I am following this setup to get my alternative data store ready in S3.

But the config file looks similar to the stream enrich config file. Is it safe to assume that if we are using stream enrich to enrich our data, then all we need to do is assign the S3 region, bucket and format?
If not, and if we do have to create a new config file and run the loader separately, then what would be the input stream and output stream value for the S3 loader setup? Would it be the good enriched stream as input?
Also with my setup, I have the scala stream collector, then the stream enrich and the S3 loader, so I will need to have 2 kinesis stream for the collector(good and bad), 2 for stream enrich(enirched good, and and failed enrichment) and 1 S3(failed storage). Would this be right?
Thanks.

mike · December 4, 2017, 6:29am

The Snowplow S3 loader has it’s own configuration file that you can specify to the jar.

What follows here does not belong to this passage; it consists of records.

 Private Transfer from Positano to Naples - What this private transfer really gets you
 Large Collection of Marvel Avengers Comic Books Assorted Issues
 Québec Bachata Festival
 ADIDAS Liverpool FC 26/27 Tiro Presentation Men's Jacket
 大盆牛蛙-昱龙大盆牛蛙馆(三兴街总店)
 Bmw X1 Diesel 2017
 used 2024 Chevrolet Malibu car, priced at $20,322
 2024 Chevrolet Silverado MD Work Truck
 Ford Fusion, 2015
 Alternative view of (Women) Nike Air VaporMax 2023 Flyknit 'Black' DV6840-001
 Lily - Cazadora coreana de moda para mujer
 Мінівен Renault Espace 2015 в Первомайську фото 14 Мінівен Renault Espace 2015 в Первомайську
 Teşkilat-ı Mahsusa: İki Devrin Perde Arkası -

The input stream could be your collector payloads stream, or your enriched stream (or another stream) - the output stream is only used to store events which failed to sink so you likely want to have a dedicated stream for this as you’ve mentioned.

dsouzabash · December 4, 2017, 7:53pm

Thanks.
When I run the stream-enrich-0.12.0. I am getting an error the following error:
configuration error: Cannot convert configuration to a com.snowplowanalytics.snowplow.enrich.stream.model$EnrichConfig. Failures are:
at ‘streams.nsq.host’:
- (file:/home/ec2-user/snowplow/3-enrich/stream-enrich/target/scala-2.11/enrich.config.sample:99) Key not found.
at ‘streams.nsq.lookupHost’:
- (file:/home/ec2-user/snowplow/3-enrich/stream-enrich/target/scala-2.11/enrich.config.sample:99) Key not found.
at ‘streams.nsq.lookupPort’:
- (file:/home/ec2-user/snowplow/3-enrich/stream-enrich/target/scala-2.11/enrich.config.sample:99) Key not found.
at ‘streams.nsq.port’:
- (file:/home/ec2-user/snowplow/3-enrich/stream-enrich/target/scala-2.11/enrich.config.sample:99) Key not found.
at ‘streams.nsq.rawChannel’:
- (file:/home/ec2-user/snowplow/3-enrich/stream-enrich/target/scala-2.11/enrich.config.sample:99) Key not found.

Even though I have specified my source and sink to be ‘kinesis’ at the start of the config file.
But, when I run the exact same config file on another instance where I have the stream-enrich-0.11.1, I am not seeing the above issue. Is there any known issue with 0.12.0 jar version with kinesis?
Thanks.

mike · December 4, 2017, 9:24pm

Could you post your stream enricher configuration? Do you happen to have the NSQ keys commented out (lines 103-115)?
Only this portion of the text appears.